機能を絞ることで費用逓減を実現しています。以下の機能は対応していませんので制限事項になります。データ収集項目が固定されたレジストリに特化することでコストを抑えています。運用開始後の項目追加等のフォーム改版は原則行わない前提です。また弊社でのサポート体制を勘案して、eCRF症例登録時間を午前7時から22時までとさせていただきます。

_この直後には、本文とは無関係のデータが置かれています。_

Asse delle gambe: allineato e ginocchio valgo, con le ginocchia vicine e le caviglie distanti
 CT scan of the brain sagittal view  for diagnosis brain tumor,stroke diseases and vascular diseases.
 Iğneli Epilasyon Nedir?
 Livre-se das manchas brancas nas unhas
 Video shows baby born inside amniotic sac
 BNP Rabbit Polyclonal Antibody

  • フォーム改版(eCRF の変更)非対応:運用開始後のフォーム改版(eCRF の変更)には対応していません。
  • ER/ES 指針や 21 CFR Part 11 に準拠した監査証跡(Audit Trail)機能には対応していません。そのため、治験や厳格なGCP準拠が必要な試験用途は想定していません。
  • サポート体制および保守運用体制をふまえ、eCRF症例登録時間は午前7時から22時を想定しています。

導入実績

2025年より国立病院機構様で28病院、約100ユーザを対象とした臨床研究で導入いただき稼働しております。また同一技術基盤を利用したシステムを大阪大学病院様、その他の大学病院2病院、市立医療センター1病院で導入いただいております。

操作イメージ

多施設臨床研究支援システム(WINEs-R)の操作イメージです。糖尿病レジストリ臨床研究で、テンプレートは「患者情報、糖尿病情報」「バイタル、検査、治療、合併症」「フォローアップ」から構成される場合の操作イメージです。

患者一覧画面

症例登録専用ソフトでログインすると、患者一覧画面が表示されます。患者IDと患者氏名はクライアントのみで表示され、クラウドには送信されません。被験者番号(匿名化ID)がクラウドに送信されます。この画面で患者IDと被験者番号(匿名化ID)の紐づけ、症例登録の進捗管理ができます。

テンプレート一覧画面

患者を選択すると、テンプレート一覧画面が表示されます。入力すべきテンプレートが一覧で表示されます。例は「患者情報、糖尿病情報」「バイタル、検査、治療、合併症」「フォローアップ」が表示されています。

テンプレート入力画面

テンプレートを選択するとテンプレート入力画面が表示されます。例は「患者情報、糖尿病情報」テンプレートが表示されています。